Çevrenin ve biyolojik
çeşitliliğin korunması ve üretim sürecinin olumsuz etkilenmemesi için, doğal
kaynakların sürdürülebilir kullanımında kurum ve kuruluşlar arasında işbirliği
ve toplumun konuya duyarlılığı önemlidir.

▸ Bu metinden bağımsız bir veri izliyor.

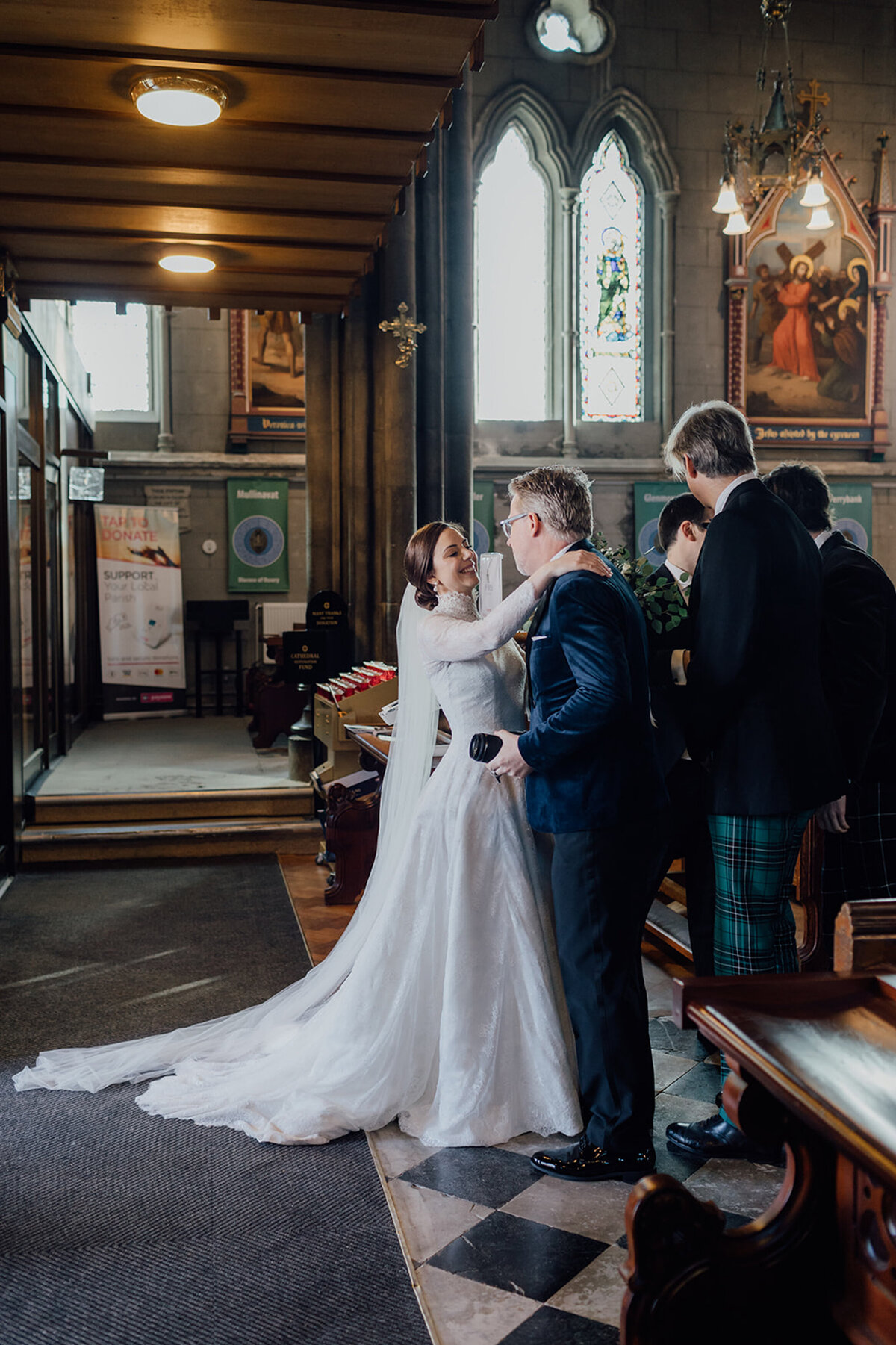 Mount-Juliet-Estate-Wedding-Photographer-Kilkenny-55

Tarım arazilerinde toplulaştırma
çalışmaları yapılırken, rüzgâr erozyonu görülen alanlarda, rüzgâr perdesi,
yeşil kuşak ve rekreasyon maksatlı ağaçlandırma çalışmaları yapılacak alanlar
planlanmalıdır.
Tarım alanlarında uygun planlama
yapılarak en az su tüketen bitki yetiştiriciliği, bilinçli gübre kullanımı ve
modern sulama teknikleri ile uygun türlerle oluşturulan ekim nöbetleri
uygulamaları yaygınlaştırılmalıdır.
Toprakların çoraklaşmasını ve
verimliliğin azalmasını önlemek maksadıyla atık sular ve tarımdan dönen drenaj
suları, uygun arıtım sağlanmadan tarımda kullanılmamalıdır.”